On 22 Jun 2005, Aaron Bentley <aaron.bentley at utoronto.ca> wrote:
> John A Meinel wrote:
> >> No, the way I'd do it is by not signing the inventory file-- sign the
> >> inventory data instead.  As a straw man, you'd sort it by unicode
> >> codepoint, then write out a space-delimited inventory summary with id,
> >> name, parent, type and contents-hash(if applicable) fields for each
> >> entry.  The format doesn't need to be parseable, just unique for each
> >> tree.
> >>
> > Actually, you are missing an important point. What algorithm is used to
> > generate "contents-hash" if not a hash function. Which means that if you
> > upgrade you hash algorithm, suddenly all of those "contents-hash"
> > entries change, and you need a new signature.
> 
> No, I understand that contents-hash is generated by a hash function, and
> what that implies.
> 
> What I'm talking about is the comparability of two trees.  It would be
> nice if you could say 'if the tree's SHA-1 hash is not $foo, it is not a
> true copy of this tree'.
> 
> > This really isn't any different from signing the <inventory> XML. The
> > only trick is that you would want to be careful that the <inventory>
> > tree would always be sorted in a specific way.
> 
> Actually, you need to normalize the data, not merely sort it.  We can't
> have whitespace changes or use of entity references affecting the
> results.  XML is tricky to normalize, so the strawman is about a format
> that's got only one form and needs no normalization.

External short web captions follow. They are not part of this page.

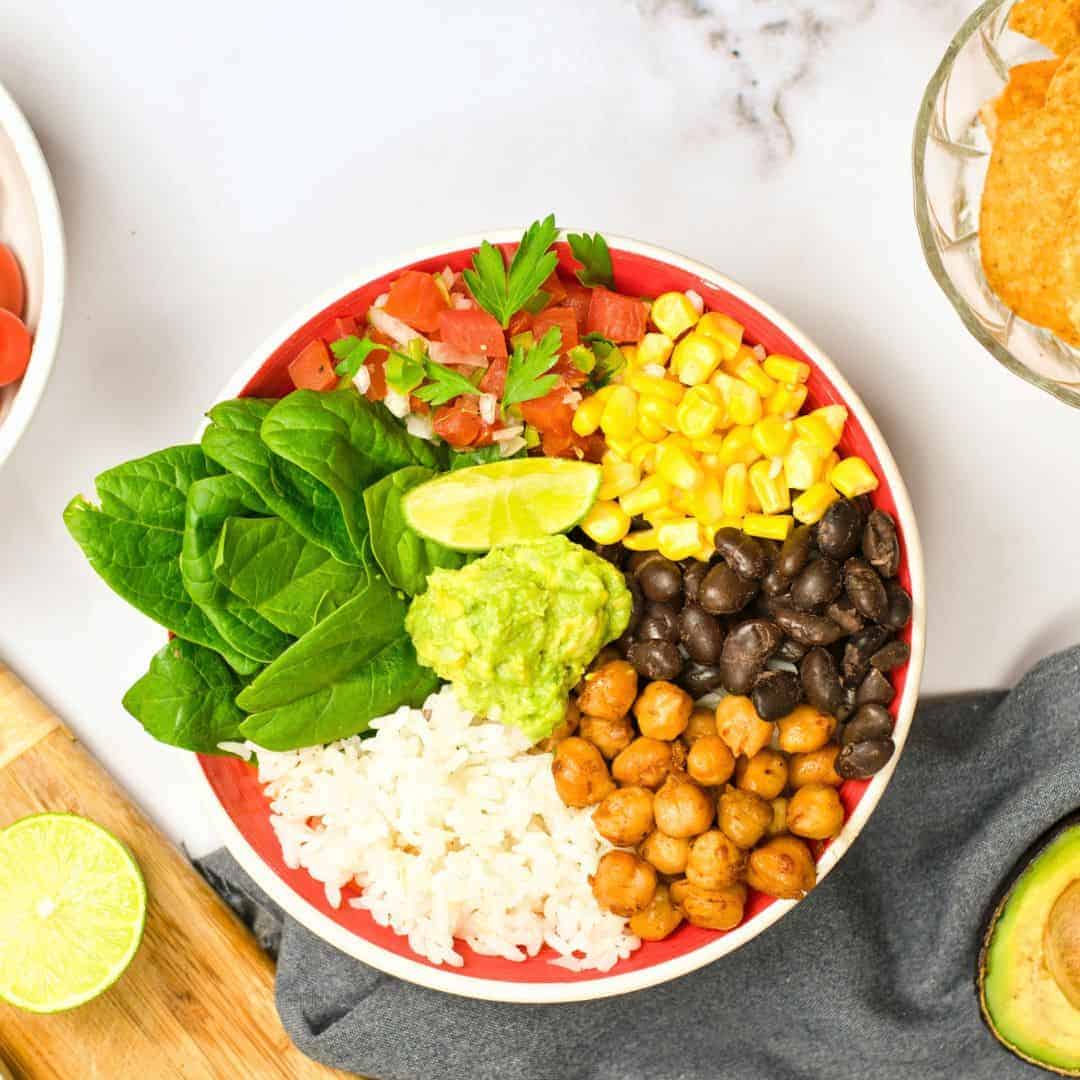35 Mouth-Watering Vegan Bowls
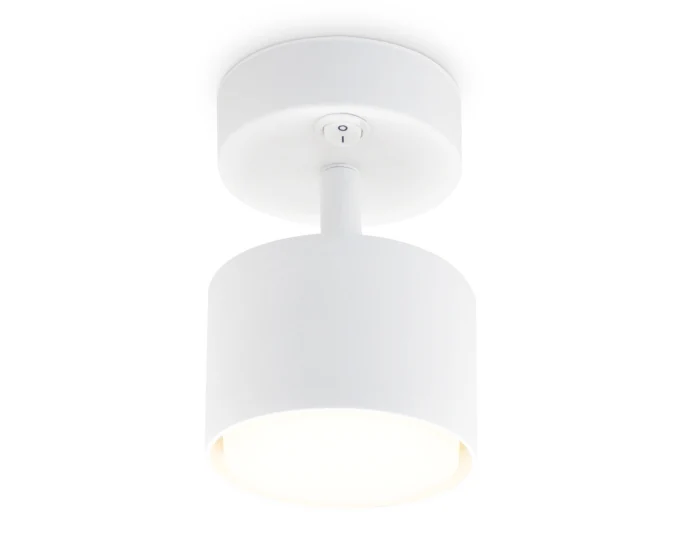 Накладной спот с выключателем Ambrella light TA132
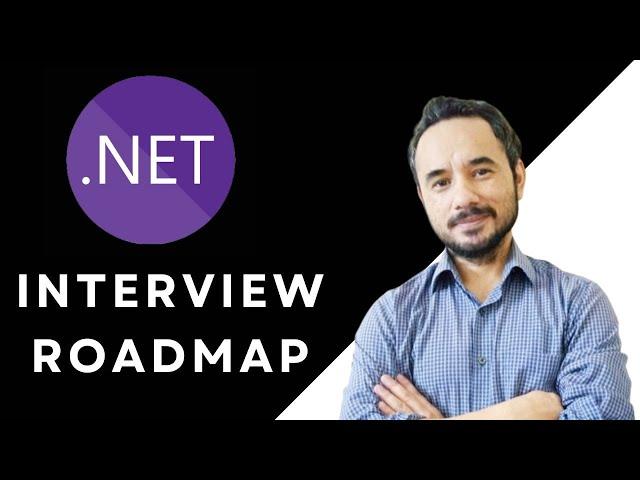 .NET Interview Roadmap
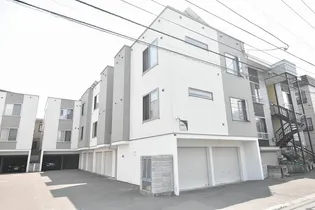 ジュピター月寒東Iの画像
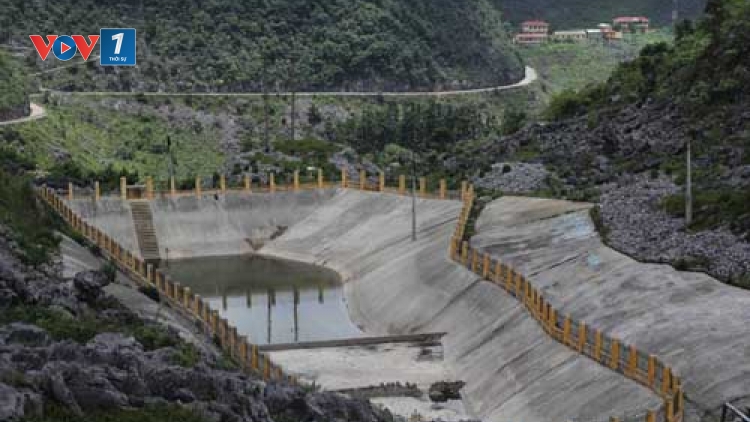 Môi trường và phát triển ngày 19/3/2015: Giải cơn khát cho đồng bào ở vùng cao Hà Giang.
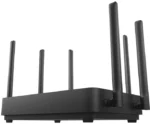 wifi роутер xiaomi router ax3200 eu (dvb4314gl) black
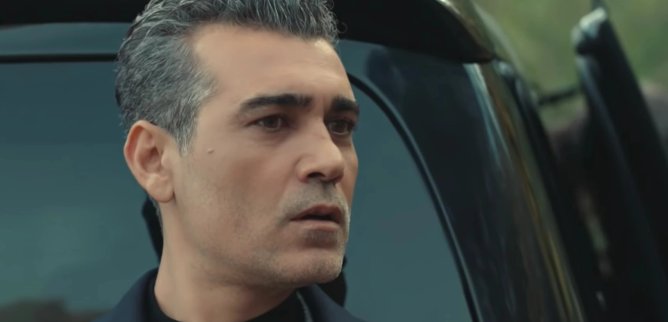 Турецкий сериал Неверный 38 серия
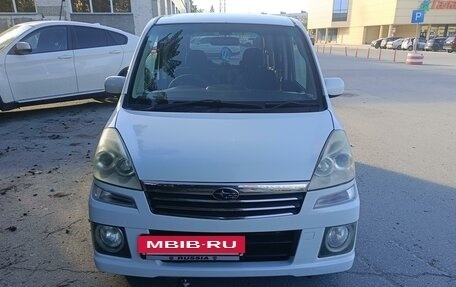 Subaru Stella I, 2008 год, 390 000 рублей, 4 фотография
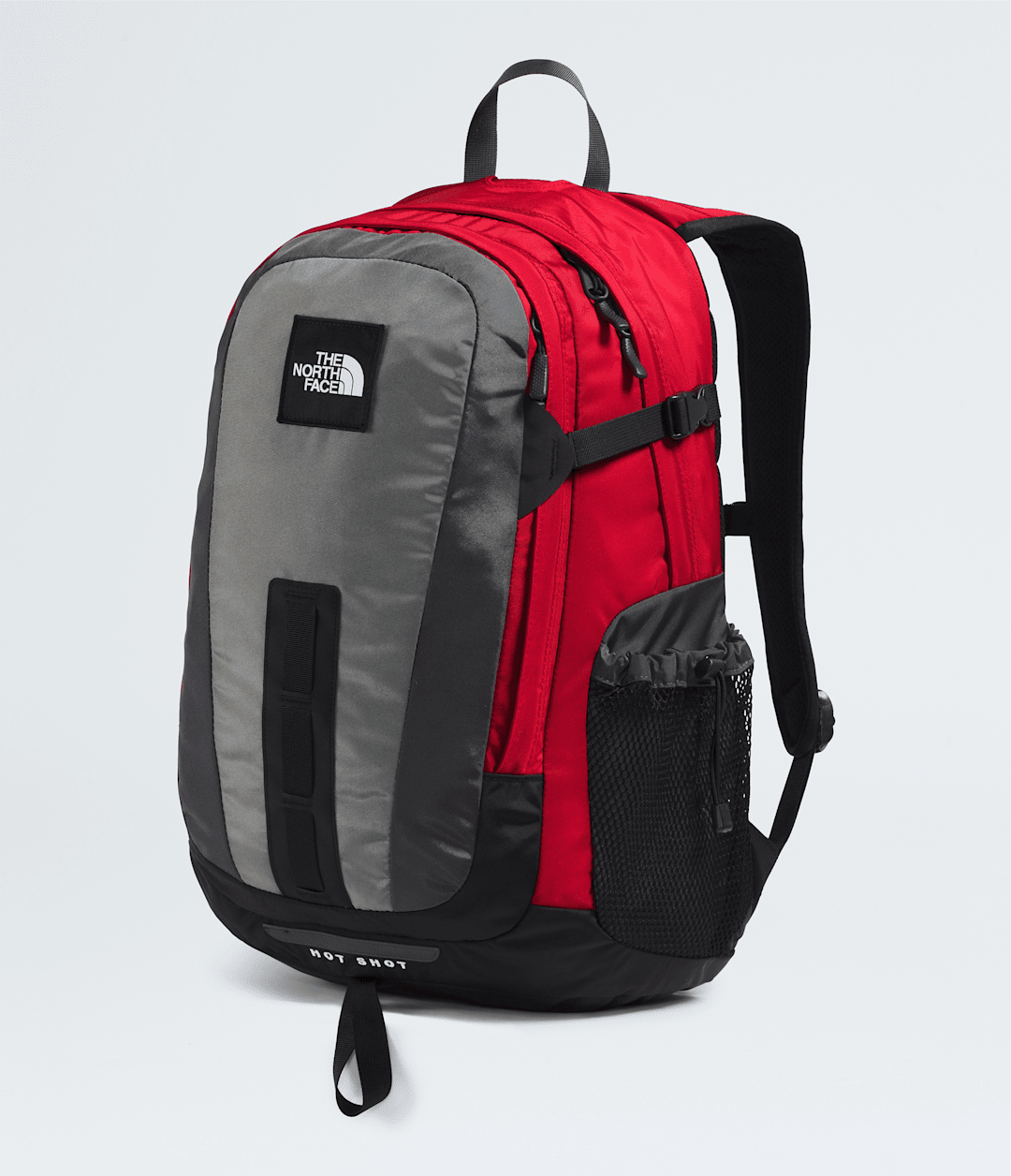Hot Shot SE Backpack - TNF Red/Zinc Grey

Robert pointed out Canonical XML (no relation!)  I think it would be
fairly straightforward to write this out.  This should mean that any
object, written out in a particular format, would always generate the
same byte stream and therefore the same hash.

  http://www.jclark.com/xml/canonxml.html

It seems like it would be straightforward to change ElementTree to write
out the canonical form, and it'd probably be a good idea to write this
form even if we don't rely on it yet.  It would probably make sense to
stop adding decorative whitespace.

One step further, we could read in an object in format version N, then
calculate the hash of it represented in format M<N. 

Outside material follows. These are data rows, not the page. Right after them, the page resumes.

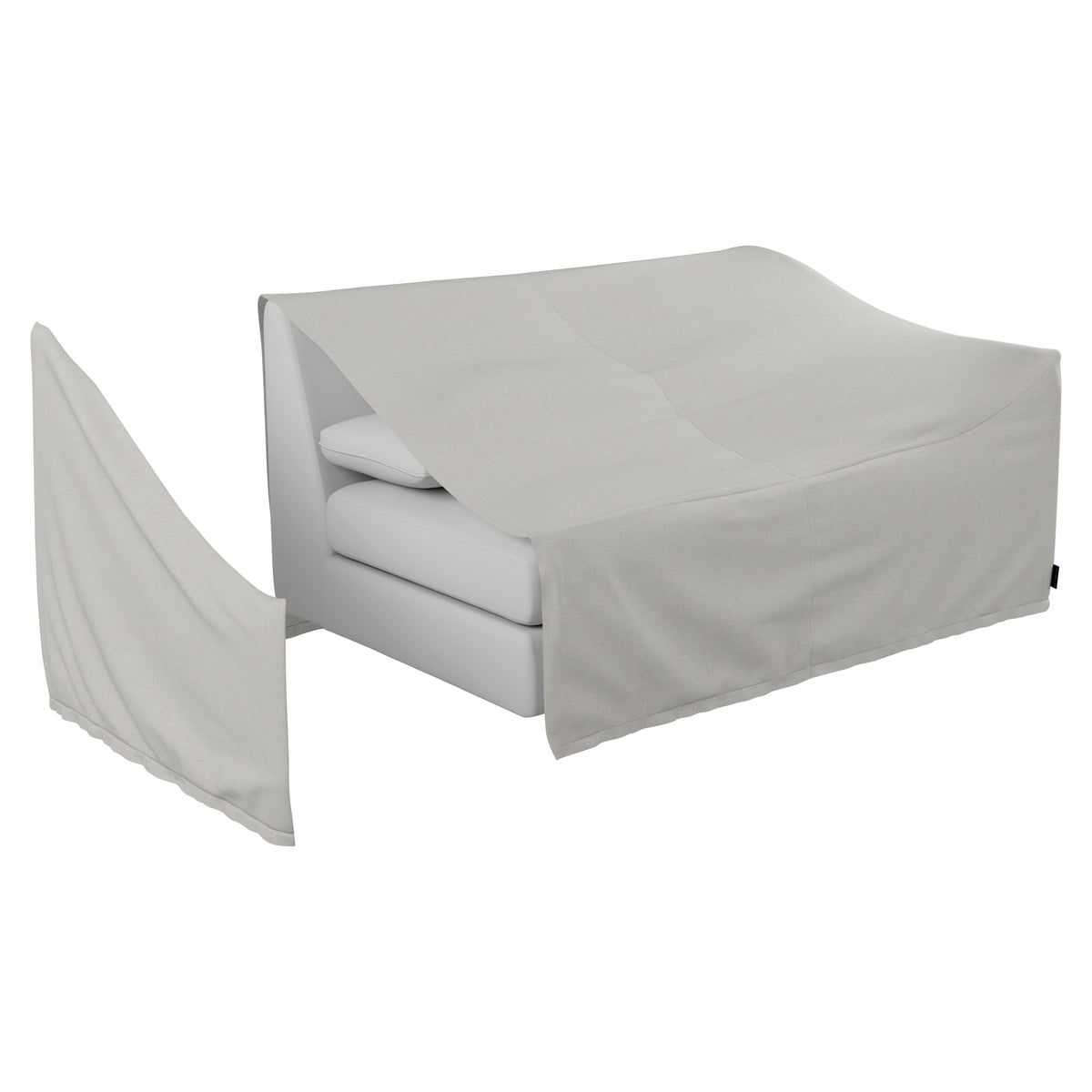 Monterey Outdoor Left Side Panel Cover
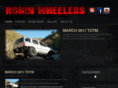 roninwheelers.com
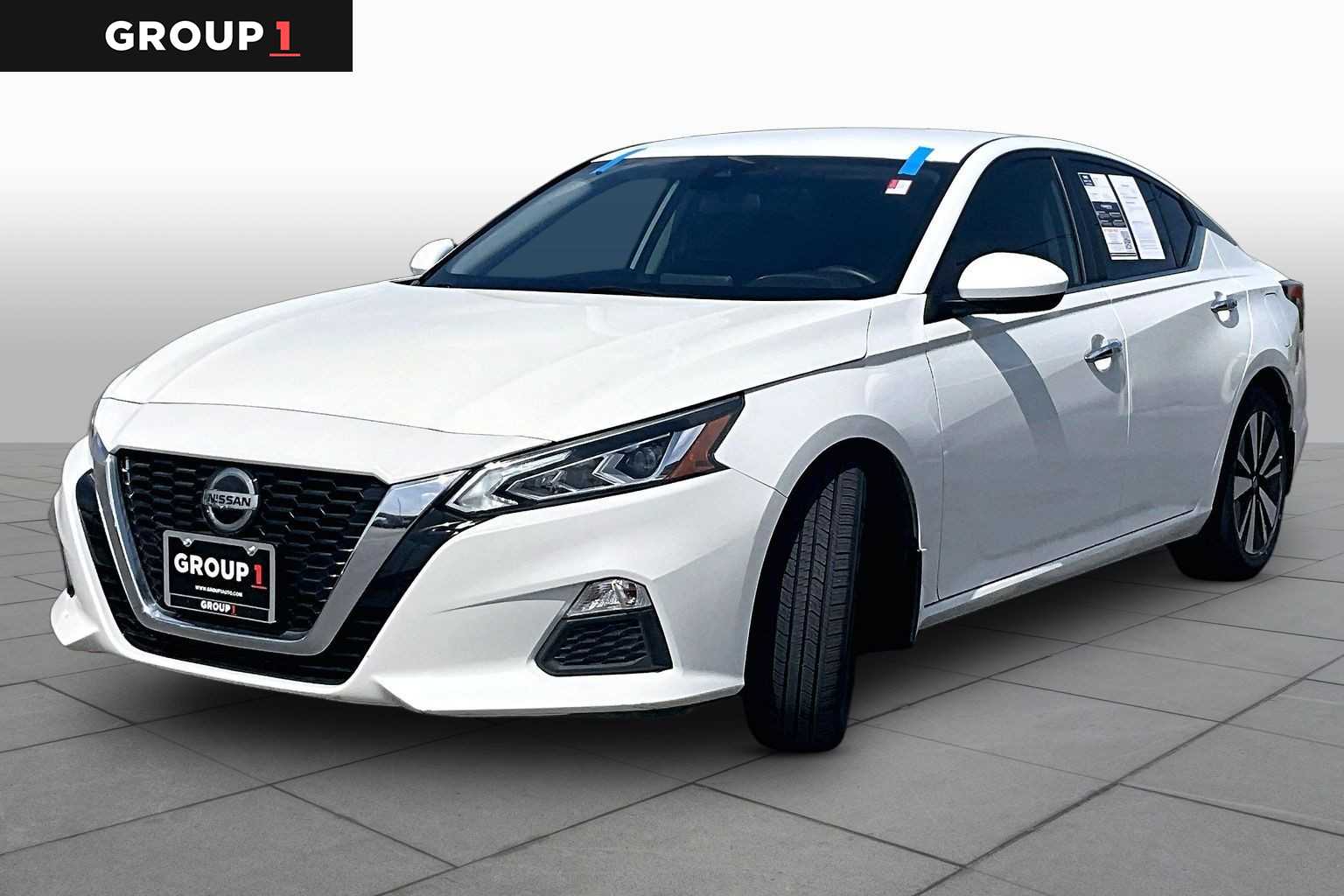 2021 Nissan Altima 2.5 SV FWD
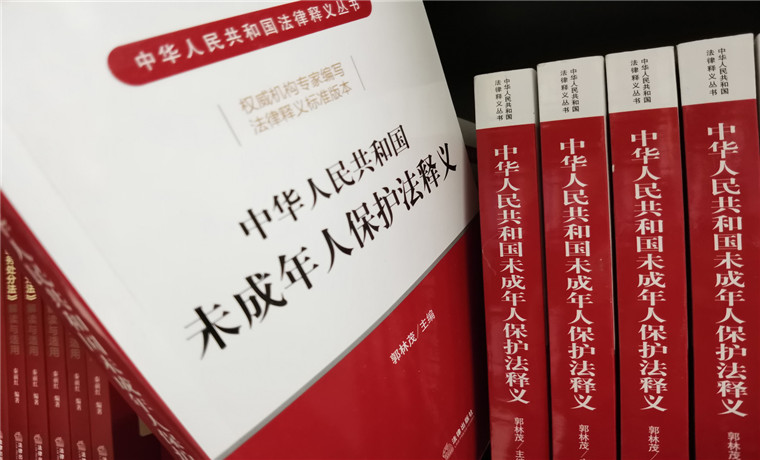 《未成年人保護(hù)法》新增“政府保護(hù)”“網(wǎng)絡(luò)保護(hù)”專章 或掀在線教育、網(wǎng)絡(luò)游戲行業(yè)震蕩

> > Revfiles don't use a text_id, though you could arguably generate an
> > text_id since it is necessary for the plain file storage, and just not
> > make use of it in a revfile storage.
> 
> Eh?  Are you sure revfiles don't use text_ids?  How else do you refer to
> the file contents in a text store?

The current draft code uses the text's SHA-1 to identify it.  The
options are:

  SHA-1
  text_id
  revision_id in which the text was created

-- 
Martin